#### Information given:
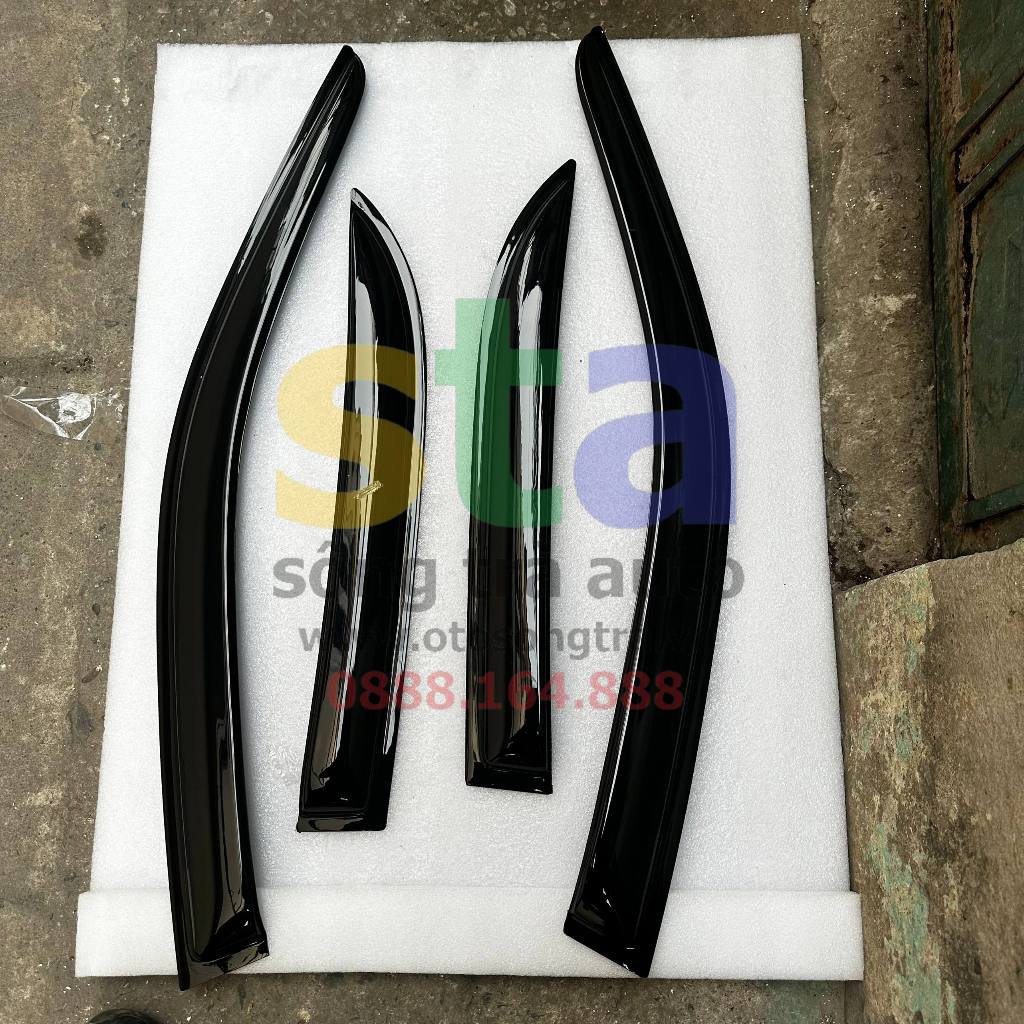 Vè che mưa Mazda 323. Dè mưa Mazda 323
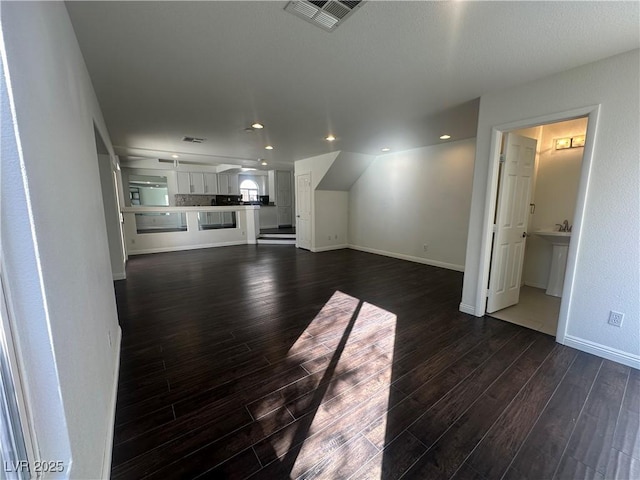 unfurnished living room with dark hardwood / wood-style floors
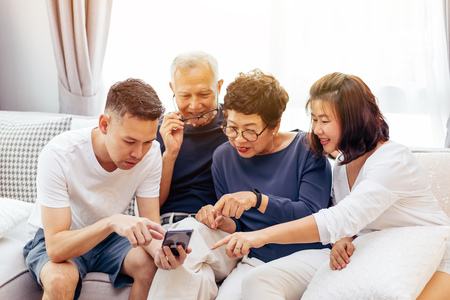 Asian family with adult children and senior parents using a mobile phone and relaxing on a sofa at home togetherの写真素材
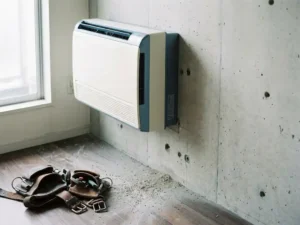 Wandgemonteerde airconditioning boven betonnen muur met boorstelsel op de vloer en een versleten leren gereedschapsriem ernaast.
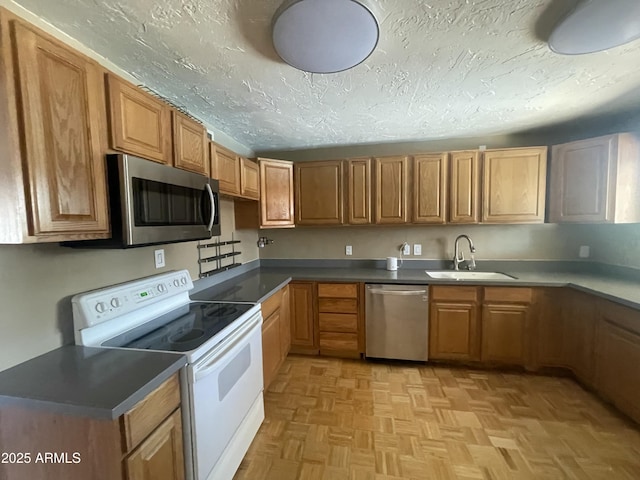 1529 W Eva St, Phoenix, AZ 85021 - kitchen featuring a sink, appliances with stainless steel finishes, brown cabinetry, and a textured ceiling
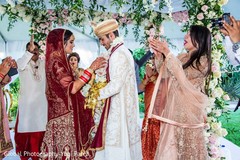 Beautiful Indian couple exchanging garlands. Beautiful Indian couple exchanging garlands.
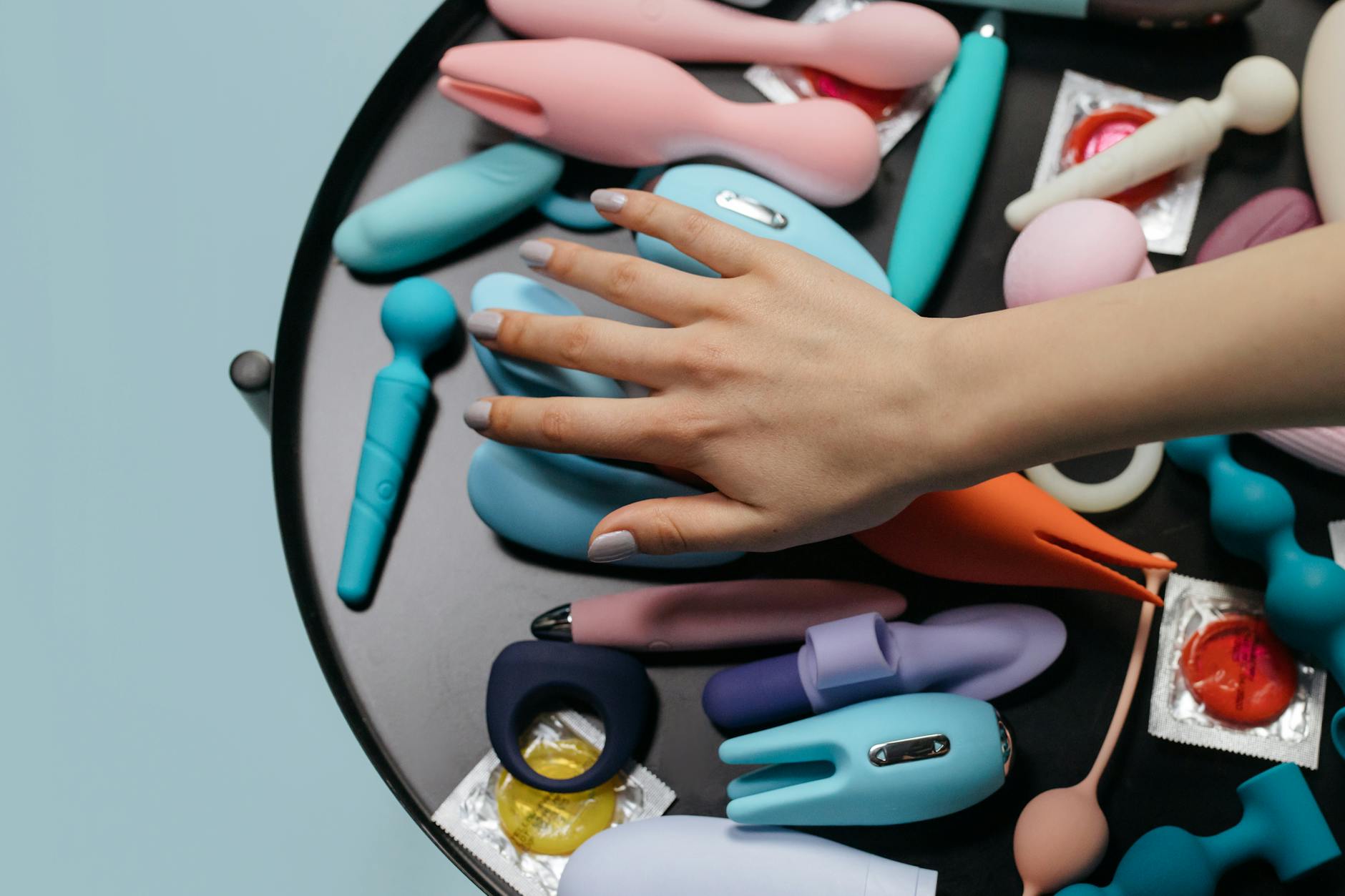 Vibrant arrangement of various colorful sex toys on a bright yellow surface, including lemon-shaped designs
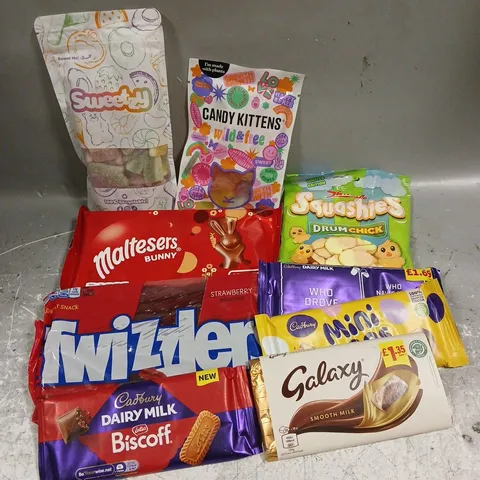APPROXIMATELY 12 ASSORTED FOOD & DRINK ITEMS TO INCLUDE - GALAXY SMOOTH MILK - MALTEASERS BUNNY - CADBURY BISCOFF CHOCOLATE - ETC
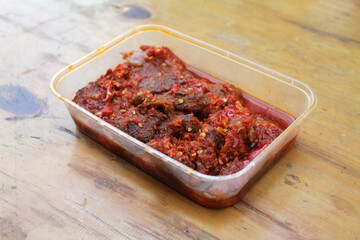 Dendeng Balado or Dendeng Batokok, and is a speciality from Padang, West Sumatra, Indonesia. Made from beef which is thinly cut then dried and fried before adding chillies and other ingredients
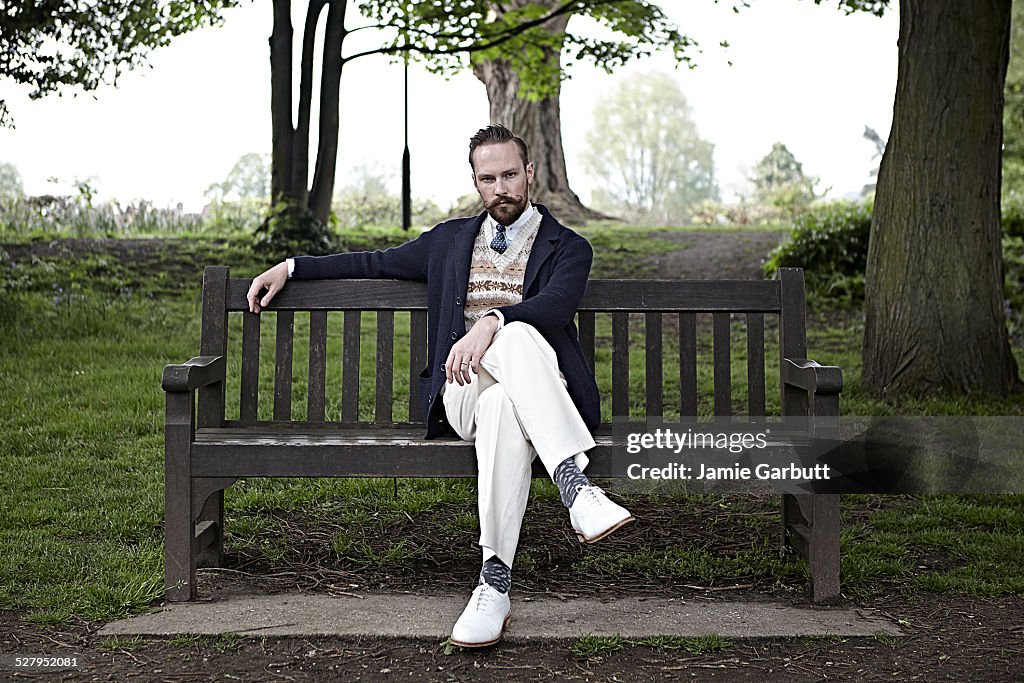 Retro styled male sat on a bench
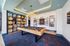 A contemporary lounge with a centrally positioned pool table, high ceilings with recessed lighting, a patterned carpeted floor, built-in shelving filled with books and d&eacute;cor, and framed artwork on the walls, all creating an upscale, relaxed atmosphere.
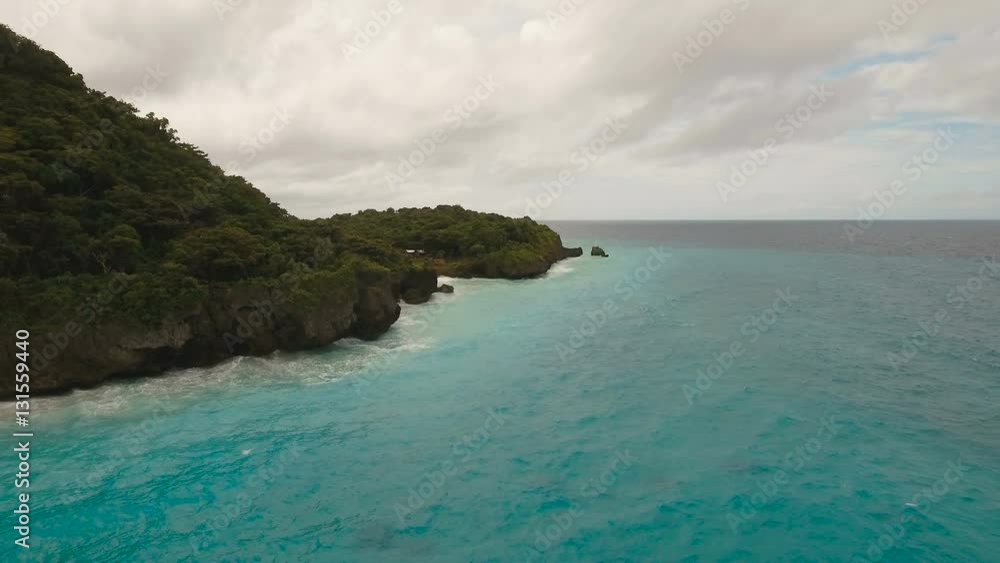 Rocky shore on the tropical sea with the rainy cloud. Aerial view:Stormy weather on island.Rocks in sea in cloudy gloomy weather. Big waves crushing on the shore of a tropical island with palm trees Rocky shore on the tropical sea with the rainy cloud. Aerial view:Stormy weather on island.Rocks in sea in cloudy gloomy weather. Big waves crushing on the shore of a tropical island with palm trees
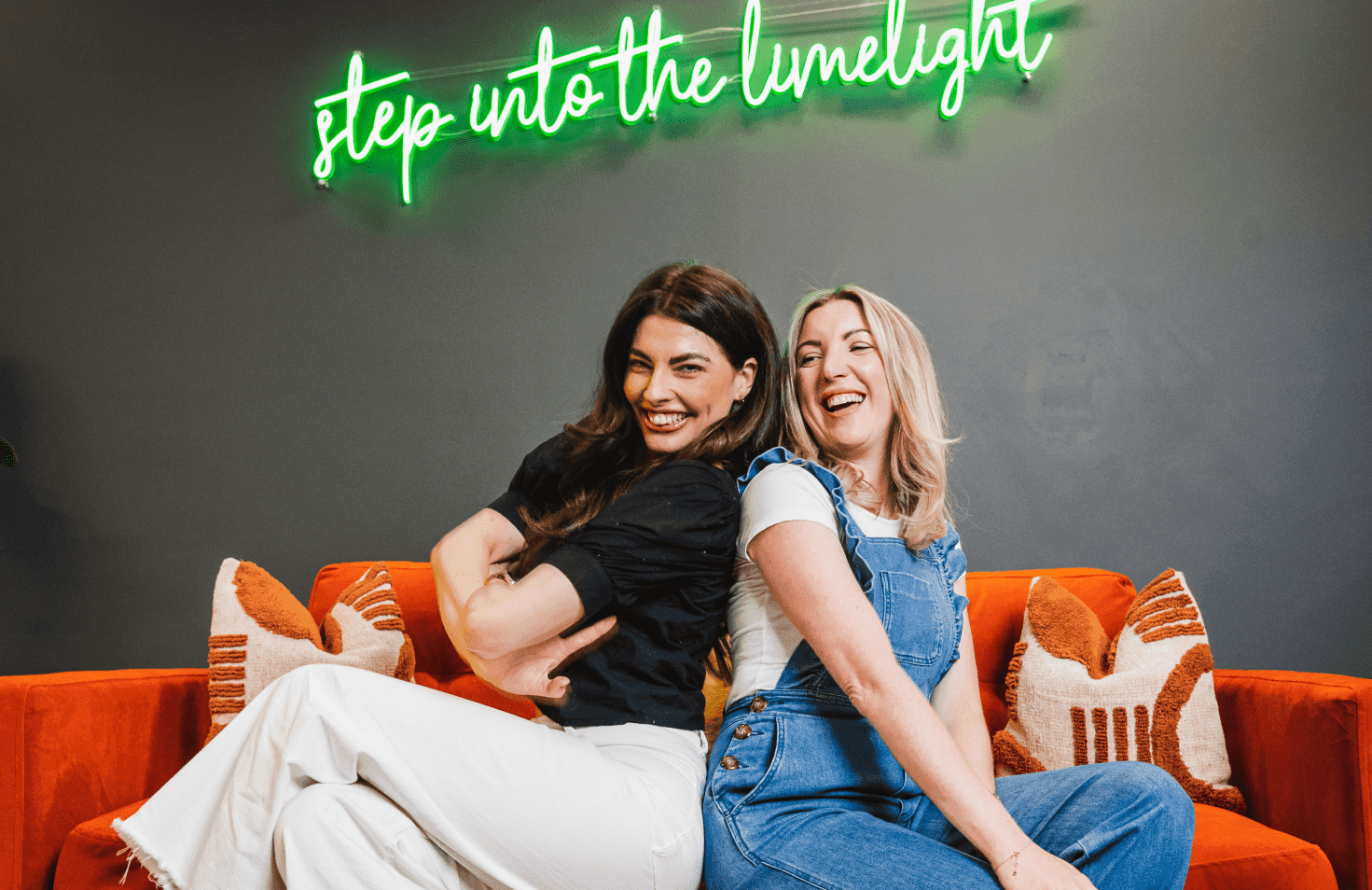 People sitting on a couch in front of an overhead sign.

#### Work instructions:
Within the listing above, print exactly the stretch beginning at the line that contains "Beautiful Indian couple exchanging garlands. Beautiful" and finishing at the line that contains "Retro styled male sat on a bench", ends kept, pictures left out, and nothing more.

#### Answer to the problem:
 Beautiful Indian couple exchanging garlands. Beautiful Indian couple exchanging garlands.
 Vibrant arrangement of various colorful sex toys on a bright yellow surface, including lemon-shaped designs
APPROXIMATELY 12 ASSORTED FOOD & DRINK ITEMS TO INCLUDE - GALAXY SMOOTH MILK - MALTEASERS BUNNY - CADBURY BISCOFF CHOCOLATE - ETC
 Dendeng Balado or Dendeng Batokok, and is a speciality from Padang, West Sumatra, Indonesia. Made from beef which is thinly cut then dried and fried before adding chillies and other ingredients
 Retro styled male sat on a bench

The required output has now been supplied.